Fazer lobby - representar os interesses de uma entidade e influenciar outras - é uma profissão legalizada nos Estados Unidos. Não que ela seja bem vista, pelo contrário. O caso de Nick é quase cômico. Ele personifica publicamente a indústria do tabaco, ou seja, tenta convencer pessoas e instituições de que cigarro não é ruim. Por que faz isso? Pelo mesmo motivo dos condenados em Nuremberg... Para pagar minha hipoteca, zomba, comparando-se aos nazistas julgados no pós-Guerra.

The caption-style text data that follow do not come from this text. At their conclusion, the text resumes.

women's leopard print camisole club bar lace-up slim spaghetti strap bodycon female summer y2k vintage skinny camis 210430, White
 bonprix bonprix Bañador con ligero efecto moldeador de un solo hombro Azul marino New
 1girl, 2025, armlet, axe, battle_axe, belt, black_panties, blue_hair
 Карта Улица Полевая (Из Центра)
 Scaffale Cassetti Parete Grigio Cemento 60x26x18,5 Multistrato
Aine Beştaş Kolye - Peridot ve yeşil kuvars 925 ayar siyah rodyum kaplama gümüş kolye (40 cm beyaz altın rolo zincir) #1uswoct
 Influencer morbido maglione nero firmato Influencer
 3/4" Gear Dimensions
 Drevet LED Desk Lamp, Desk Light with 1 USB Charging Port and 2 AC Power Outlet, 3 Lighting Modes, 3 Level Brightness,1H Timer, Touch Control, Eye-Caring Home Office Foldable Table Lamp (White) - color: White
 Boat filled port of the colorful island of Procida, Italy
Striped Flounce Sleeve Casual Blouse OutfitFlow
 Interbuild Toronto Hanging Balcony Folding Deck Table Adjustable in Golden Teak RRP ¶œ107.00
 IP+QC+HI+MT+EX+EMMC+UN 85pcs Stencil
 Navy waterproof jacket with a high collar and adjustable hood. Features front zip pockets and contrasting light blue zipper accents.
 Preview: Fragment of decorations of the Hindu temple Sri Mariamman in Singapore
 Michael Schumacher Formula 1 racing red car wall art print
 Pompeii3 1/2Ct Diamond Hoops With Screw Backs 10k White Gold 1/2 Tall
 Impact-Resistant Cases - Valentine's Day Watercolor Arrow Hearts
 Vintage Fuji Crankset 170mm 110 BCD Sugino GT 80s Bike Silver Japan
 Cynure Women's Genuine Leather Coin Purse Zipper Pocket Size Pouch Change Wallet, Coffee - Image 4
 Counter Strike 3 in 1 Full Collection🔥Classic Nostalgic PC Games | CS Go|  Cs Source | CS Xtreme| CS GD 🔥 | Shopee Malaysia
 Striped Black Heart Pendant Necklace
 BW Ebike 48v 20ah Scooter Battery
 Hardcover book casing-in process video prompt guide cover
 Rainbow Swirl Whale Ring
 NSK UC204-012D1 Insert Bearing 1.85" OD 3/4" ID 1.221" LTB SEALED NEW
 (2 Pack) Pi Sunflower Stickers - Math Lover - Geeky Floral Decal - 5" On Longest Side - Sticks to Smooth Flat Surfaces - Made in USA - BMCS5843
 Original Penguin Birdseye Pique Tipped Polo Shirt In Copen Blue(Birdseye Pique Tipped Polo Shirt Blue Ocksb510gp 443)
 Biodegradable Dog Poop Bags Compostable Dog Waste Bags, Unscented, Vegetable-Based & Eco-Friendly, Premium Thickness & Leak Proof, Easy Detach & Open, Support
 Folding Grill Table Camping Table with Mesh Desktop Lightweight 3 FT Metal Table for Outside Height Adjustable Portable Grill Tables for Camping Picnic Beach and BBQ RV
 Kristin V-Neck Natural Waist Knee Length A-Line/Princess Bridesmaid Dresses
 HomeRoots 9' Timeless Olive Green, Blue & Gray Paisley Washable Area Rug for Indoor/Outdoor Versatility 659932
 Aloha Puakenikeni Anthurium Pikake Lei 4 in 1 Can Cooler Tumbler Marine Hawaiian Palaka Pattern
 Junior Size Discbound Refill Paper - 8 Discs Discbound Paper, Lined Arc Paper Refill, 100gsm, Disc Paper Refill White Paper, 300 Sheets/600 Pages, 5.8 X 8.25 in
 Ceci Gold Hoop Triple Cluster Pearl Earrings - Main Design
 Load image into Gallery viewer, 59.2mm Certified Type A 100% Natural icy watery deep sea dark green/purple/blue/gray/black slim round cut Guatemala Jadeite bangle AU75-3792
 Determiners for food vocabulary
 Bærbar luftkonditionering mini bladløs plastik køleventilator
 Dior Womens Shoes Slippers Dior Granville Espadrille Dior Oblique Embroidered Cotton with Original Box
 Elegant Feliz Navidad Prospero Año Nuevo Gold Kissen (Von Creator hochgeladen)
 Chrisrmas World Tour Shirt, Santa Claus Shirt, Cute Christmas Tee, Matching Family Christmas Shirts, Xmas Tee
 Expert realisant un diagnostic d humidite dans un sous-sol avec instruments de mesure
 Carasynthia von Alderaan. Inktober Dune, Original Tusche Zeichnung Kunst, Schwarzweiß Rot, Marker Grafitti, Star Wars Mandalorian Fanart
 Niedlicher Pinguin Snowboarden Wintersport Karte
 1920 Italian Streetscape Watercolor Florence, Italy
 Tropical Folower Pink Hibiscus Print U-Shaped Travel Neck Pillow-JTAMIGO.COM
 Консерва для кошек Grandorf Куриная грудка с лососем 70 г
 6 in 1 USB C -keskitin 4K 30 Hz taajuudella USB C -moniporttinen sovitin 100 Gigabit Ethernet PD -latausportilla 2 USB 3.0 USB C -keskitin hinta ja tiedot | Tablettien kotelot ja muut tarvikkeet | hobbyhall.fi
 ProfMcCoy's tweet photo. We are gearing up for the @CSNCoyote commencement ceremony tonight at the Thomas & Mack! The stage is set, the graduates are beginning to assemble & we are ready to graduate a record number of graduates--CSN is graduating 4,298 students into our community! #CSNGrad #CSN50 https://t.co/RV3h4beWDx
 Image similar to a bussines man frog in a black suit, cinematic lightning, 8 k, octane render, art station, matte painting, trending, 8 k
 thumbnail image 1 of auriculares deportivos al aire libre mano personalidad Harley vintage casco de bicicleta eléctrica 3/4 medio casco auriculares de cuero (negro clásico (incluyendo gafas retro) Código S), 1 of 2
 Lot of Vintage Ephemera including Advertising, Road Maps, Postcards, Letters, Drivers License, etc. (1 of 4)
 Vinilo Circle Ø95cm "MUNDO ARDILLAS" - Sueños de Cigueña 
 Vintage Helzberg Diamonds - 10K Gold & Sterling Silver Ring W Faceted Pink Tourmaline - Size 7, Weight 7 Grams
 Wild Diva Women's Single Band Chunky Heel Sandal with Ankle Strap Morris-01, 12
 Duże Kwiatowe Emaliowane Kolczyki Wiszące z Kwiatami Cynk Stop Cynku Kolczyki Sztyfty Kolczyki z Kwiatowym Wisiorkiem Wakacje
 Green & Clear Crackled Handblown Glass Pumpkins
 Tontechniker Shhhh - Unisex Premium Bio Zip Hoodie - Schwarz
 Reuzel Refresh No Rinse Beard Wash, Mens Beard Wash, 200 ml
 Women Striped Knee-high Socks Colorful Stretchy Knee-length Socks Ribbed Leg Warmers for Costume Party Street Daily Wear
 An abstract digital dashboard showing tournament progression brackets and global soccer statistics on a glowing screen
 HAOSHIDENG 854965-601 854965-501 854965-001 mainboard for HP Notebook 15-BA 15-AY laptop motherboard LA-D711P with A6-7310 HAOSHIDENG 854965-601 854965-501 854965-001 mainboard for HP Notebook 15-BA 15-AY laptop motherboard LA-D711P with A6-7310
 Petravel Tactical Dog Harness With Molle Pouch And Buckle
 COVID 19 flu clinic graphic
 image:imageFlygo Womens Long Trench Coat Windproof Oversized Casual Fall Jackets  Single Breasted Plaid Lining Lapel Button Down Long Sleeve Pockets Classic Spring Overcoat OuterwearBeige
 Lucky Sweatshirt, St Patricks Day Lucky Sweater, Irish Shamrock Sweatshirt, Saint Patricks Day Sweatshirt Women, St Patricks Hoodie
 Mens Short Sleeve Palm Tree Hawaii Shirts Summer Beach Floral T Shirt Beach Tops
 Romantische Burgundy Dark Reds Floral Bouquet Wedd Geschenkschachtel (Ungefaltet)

Falando diretamente ao espectador, em narração em off, Nick é como a voz, o alter-ego, do diretor Jason Reitman, estreante em longas-metragens e filho do diretor de Os Caça Fantasmas, Ivan Reitman. O texto é afiado, equilibra drama e comédia sem nunca ficar rasgado ou meloso demais. Eckhart tem o seu charme, e Nick é indiscutivelmente bom no que faz - tão bom que não é difícil ficar do seu lado.

Na trama, o lobista trava mais uma batalha contra os antitabagistas. O senador democrata Ortolan Finistirre (William H. Macy) quer instituir nos maços a imagem de uma caveira, para mostrar às pessoas que o cigarro faz mal à saúde. Na defesa dos interesses de seu patrão, Nick contesta o senador com base na teoria universal do ser liberal. Diz que só fuma quem quer, que todo mundo sabe que cigarro mata (inclusive todo fumante), e que os fumantes não querem a imagem de uma caveira lhes encarando a toda hora. É a liberdade de escolher.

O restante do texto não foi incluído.